Spiel, Kultur, Pop im Assoziationsblaster.

17. 2. 2013 - 08:30

Angst, Action, Atmosphäre

"Dead Space 3" führt seine Spieler im Kampf gegen Weltraumzombies durch ein Best-of des SF-Splatter-Horrors.

Dead Space 3 Cover

Visceral/EA

Dunkle Maschinenräume, Boden und Wände bedeckt von Blut und Rost, trügerisch leere Raumschiffflure in flackernder Beleuchtung; das Zischen und Dröhnen von unsichtbaren Antrieben und riesigen Reaktoren irgendwo unter oder über uns, untermalt vom gleichförmigen Klang unserer schweren Schritte - würde man das Schlagwort "Triple A" in Hinblick auf "Dead Space 3" neu übersetzen, müsste man neidlos ein A für "Atmosphäre" stehen lassen.

Auch in Teil 3 der Weltraum-Horror-Serie bedient sich Visceral Games ausgiebig und effizient am Repertoire jener Subnische, die das oft sterile Science-Fiction-Genre mit dem blutigen Effektrepertoire des Horrors verbindet.
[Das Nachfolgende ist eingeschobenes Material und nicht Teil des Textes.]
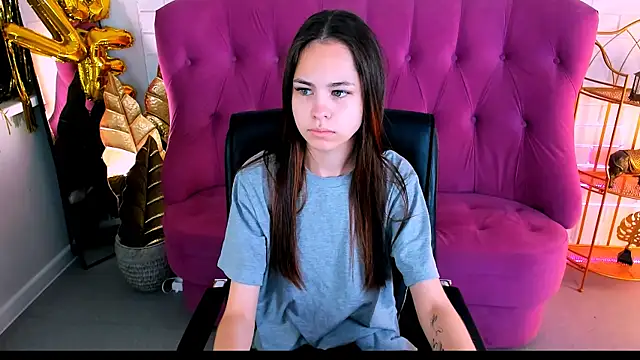 UliaNeer online show from 10.14.25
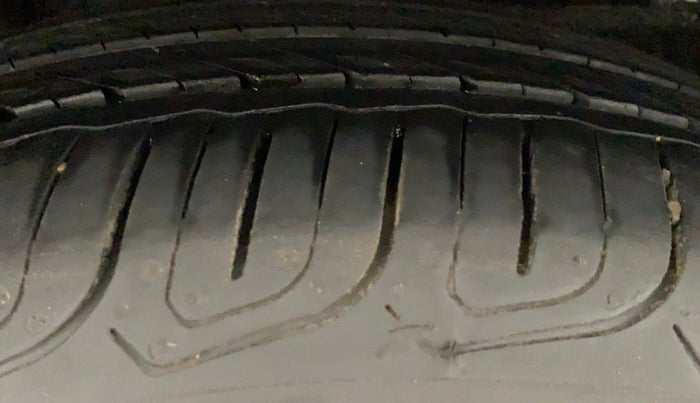2022 Honda City 1.5L I-VTE V CVT, Petrol, Automatic, 16,294 km, Right Rear Tyre Tread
Von der "Alien"-Reihe über John Carpenters "Ding aus einer anderen Welt" bis hin zu "Event Horizon" und vielen anderen reicht der filmische Referenzrahmen, und zumindest Teil 1 der "Dead Space"-Trilogie war ein definitiver Meilenstein in der Übertragung dieser Angstzustände ins Videospiel.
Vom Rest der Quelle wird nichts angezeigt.